*What needs to be done*:
Starting with the line that has "Frontispiz und Titelblatt" in the records below and stopping after the line that has "Return Air Grille", output every line exactly and nothing else; skip pictures.

*Record set*:
┏━━

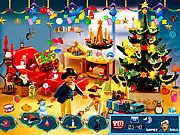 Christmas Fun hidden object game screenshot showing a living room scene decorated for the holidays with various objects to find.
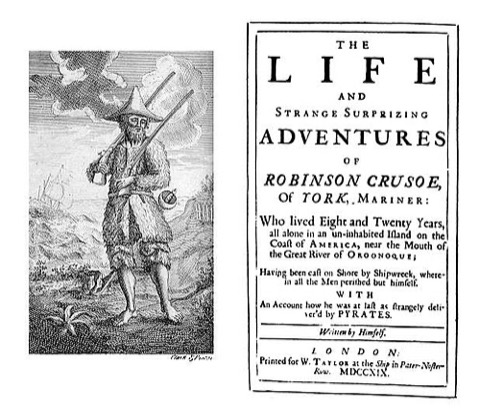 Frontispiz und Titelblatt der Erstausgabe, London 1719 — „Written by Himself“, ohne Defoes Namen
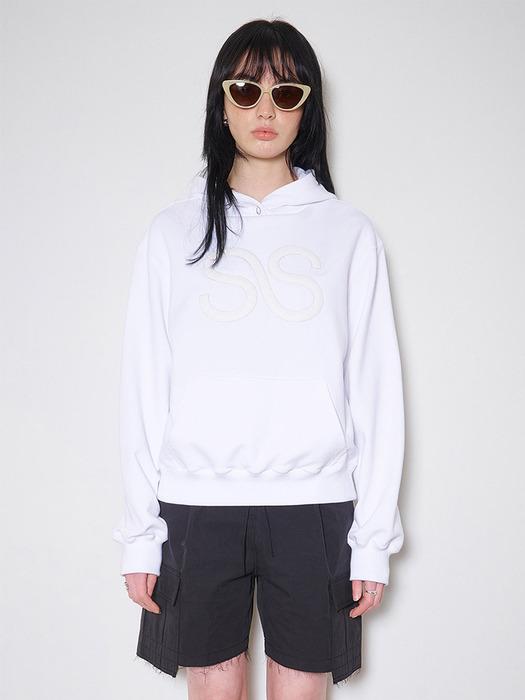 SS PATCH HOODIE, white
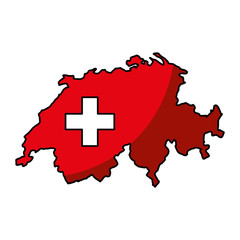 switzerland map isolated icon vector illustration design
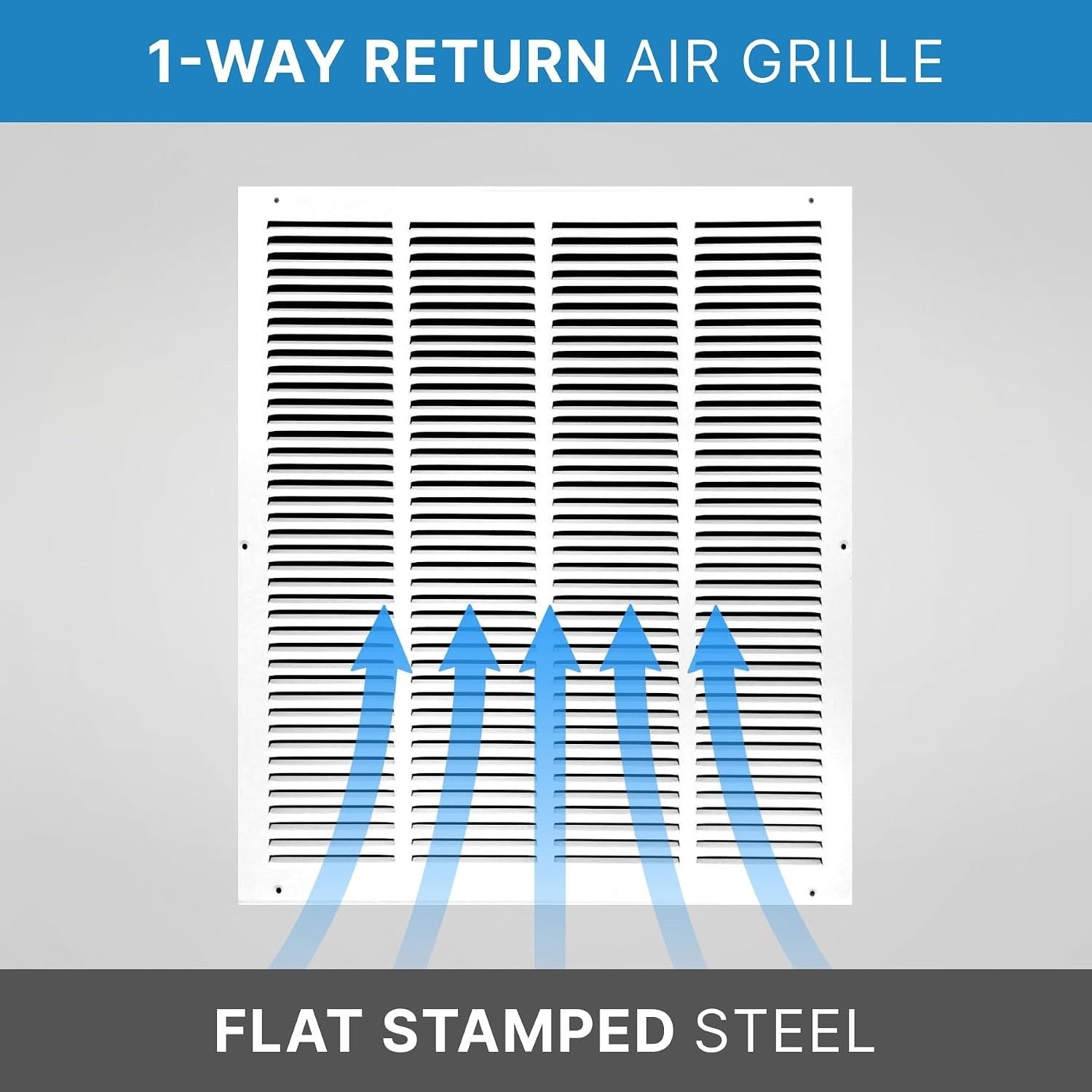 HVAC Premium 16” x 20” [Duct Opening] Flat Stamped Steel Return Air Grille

┗━━
┏━━

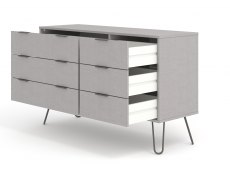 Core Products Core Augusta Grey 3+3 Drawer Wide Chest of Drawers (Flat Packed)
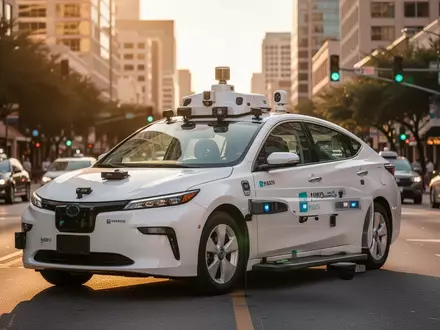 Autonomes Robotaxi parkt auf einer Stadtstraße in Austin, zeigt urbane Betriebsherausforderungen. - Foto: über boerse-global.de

┗━━

*Answer to this problem*:
 Frontispiz und Titelblatt der Erstausgabe, London 1719 — „Written by Himself“, ohne Defoes Namen
 SS PATCH HOODIE, white
 switzerland map isolated icon vector illustration design
 HVAC Premium 16” x 20” [Duct Opening] Flat Stamped Steel Return Air Grille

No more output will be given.